What advice would you give to a kid that was coming up today?
It can still be done on the cheap. The bikes are so good even bone stock. In my opinion, the number one thing for a rider to do is wear out the motorcycle. Learn to set suspension and learn to rebuild—it will make you a better person and give you a future when you retire.

How closely do you still follow the sport?
I still watch it all the time. I used to be able to name everyone in both classes, but not as much any more. One thing I think would be cool would be to see all the top guys in one class—and I mean the top arenacross guys, the top 250 guys and the top 450 guys. That would be huge, and it would be a stacked field. I know it wouldn’t fit the show—I get that—but the top guys wouldn’t win any less, and the racing in the back would be better.

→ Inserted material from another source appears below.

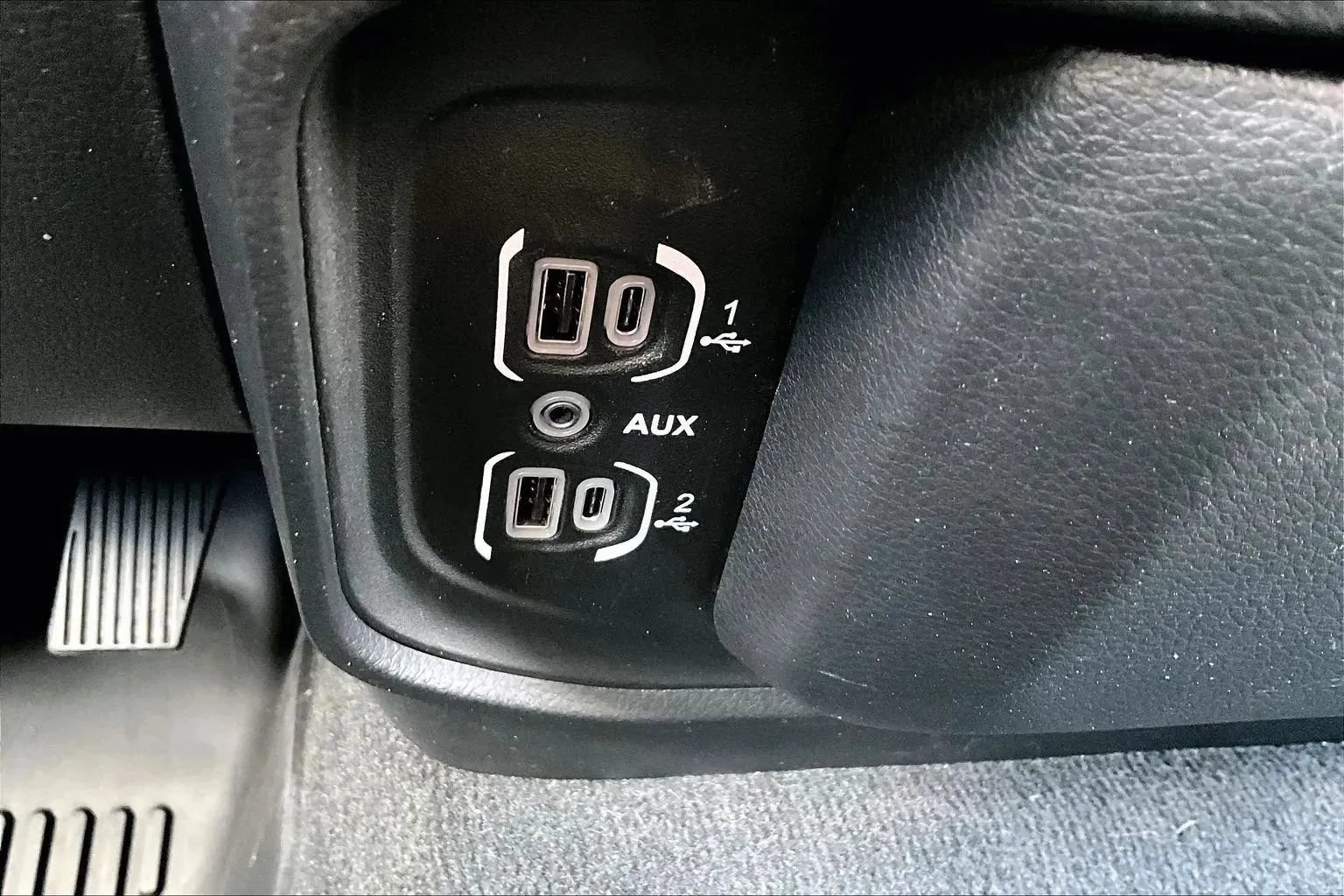 Used 2021 RAM 1500 Laramie RWD image 25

What about your personal life?
Well, I’ve been married for thirty-five years and we have three grown children. We actually got married and had kids during my racing career, which back then was the mark of the death; team managers would literally say it. So I’m glad to see that changed today. I have two sons—Jarred is 33 and Aldon is 31. My daughter Courtney is 29, and we have some grandkids. My oldest one was a razor scooter champion and went all over the world for that sport. But motorcycles were never a big thing for them, though they all can ride. They have good jobs and are doing very well, and I’m most happy with my grandkids. 

It seems that quite a few top-level guys end up divorced shorty after their careers are over. With your thirty-five-year marriage, what is your take on that?
It’s always been like that. A lot of racing marriages don’t survive. But I met my wife [Cinda] before I was factory, and the relationship wasn’t based on how popular I was or how much money I made. My feeling—and it’s all sports—very often the relationship starts after the hero status is attained. And it really only came to be because here is this important guy making all this money, and people get used to spending lots of money. But then when you are done, it’s gone, and very quickly. The whole foundation is not there—whatever started it. The results of having some consistency in your life are crucial. But I got to do more and see more than anyone I know and I didn’t give up anything on the family side either.